|If you want fans, give them a nice |
cup of coffee.
Wait, have I missed the point?
By Charlie Stroe
Professor Henry Jenkins literally wrote the book on fan cultures and the power of the fan. He was one of the first academics to address the importance of fans, not just for the success of the media products they love, but for setting collective intelligence and social participation in motion. His theory is relevant to the realms of Star Wars and video games, but also applies to the thorny field of marketing.
Nutella vs. Nutella
The importance of collaboration between a brand and its audience becomes most evident when the relationship fails miserably. This is exactly the case of Nutella and their fan who initiated World Nutella Day.
Earlier this year, Italian company Ferrero, the makers of Nutella, served their most loyal fan with a cease-and-desist letter. Nutty chocolate spread lover, Sara Rosso is the founder of the international day, which has been celebrated on February 5 for the last seven years. In May 2013, however, Sara was asked by Ferrero to put an end to the chocolate festivities.
Nutella, we like you, but you were nuts to do so
Since its founding, World Nutella Day had accumulated nearly 40,000 likes for the official Facebook page and more than 6,500 Twitter followers. According to Rosso, the official website and the social media accounts were created without the manufacturer's permission.
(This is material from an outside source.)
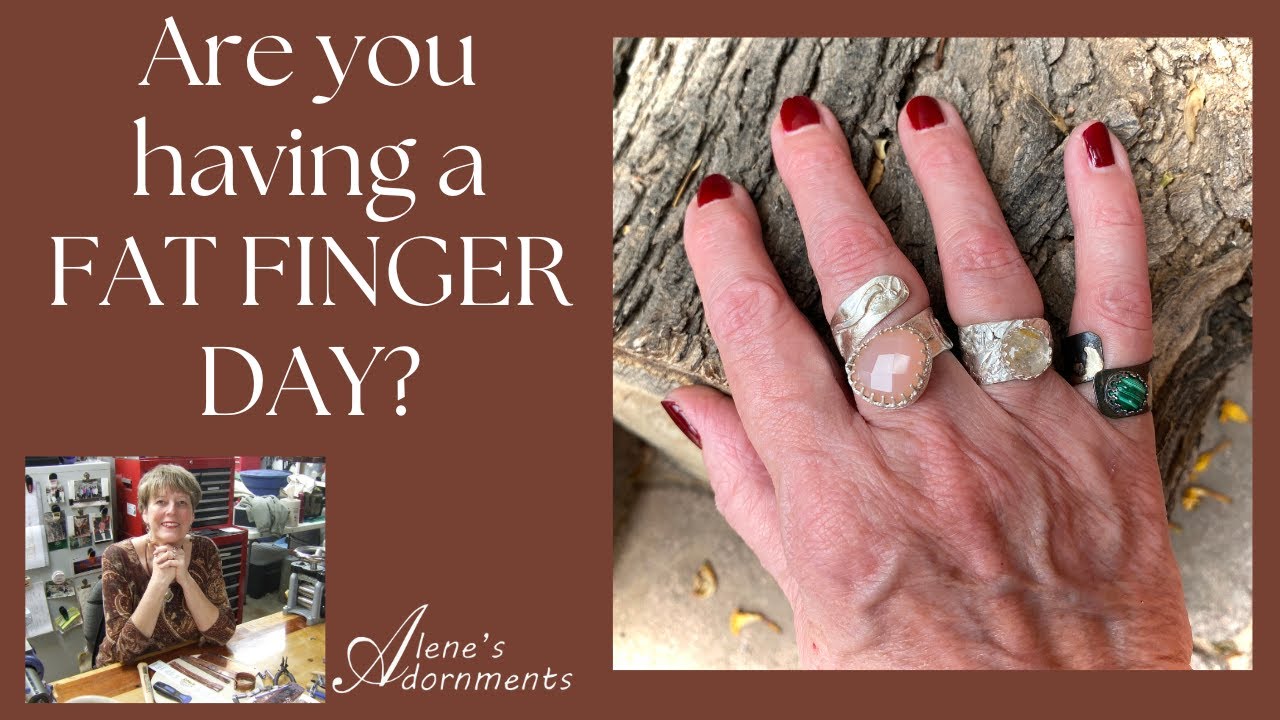 Are You Having a FAT FINGER day?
Despite this, marketing 101 logic dictates that this initiative was nothing but positive for the brand, because it gave its fans a chance to share information and recipes using one of their favourite products, and celebrate its chocolatey goodness.
How many companies spend enormous budgets trying to stage such marketing stunts, and still fail? Nutella didn't have to lift a finger for it, but instead of riding the wave, it decided to make a big splash by taking action against its fans.
Let them eat Nutella
After rioting fans took to Facebook to express their anger, Ferrero announced that it had stopped action against World Nutella Day. It seems the process was initiated by a routine brand defence procedure, activated as a result of some misuse of the Nutella brand on the Facebook fan page. It would seem that, overwhelmed with negative feedback, Ferrero later contacted Sara Roso, and found the appropriate solution to keep nutelladay.com online.
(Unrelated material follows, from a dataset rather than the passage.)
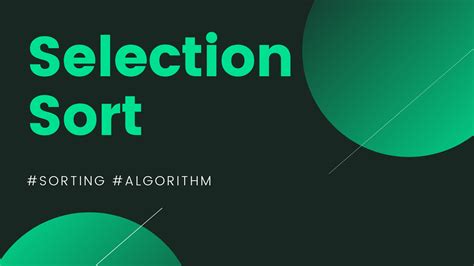 Image result for Example of Selection Sort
The entire world rejoiced at the news, Nutella remained a household name and everyone lived happily ever after. Or did they? This unfortunate situation hasn't left a very deep scar on the Nutella brand, but it certainly demonstrated the growing importance of fans for companies and products.
The lesson to learn for any brand is that treating your fans well is a crucial aspect of a company's marketing, legal and general business strategy, because fans are the best brand ambassadors you'll ever find. And they do it simply because they love your product or company.
No brand defence procedure will ever justify action against its fans.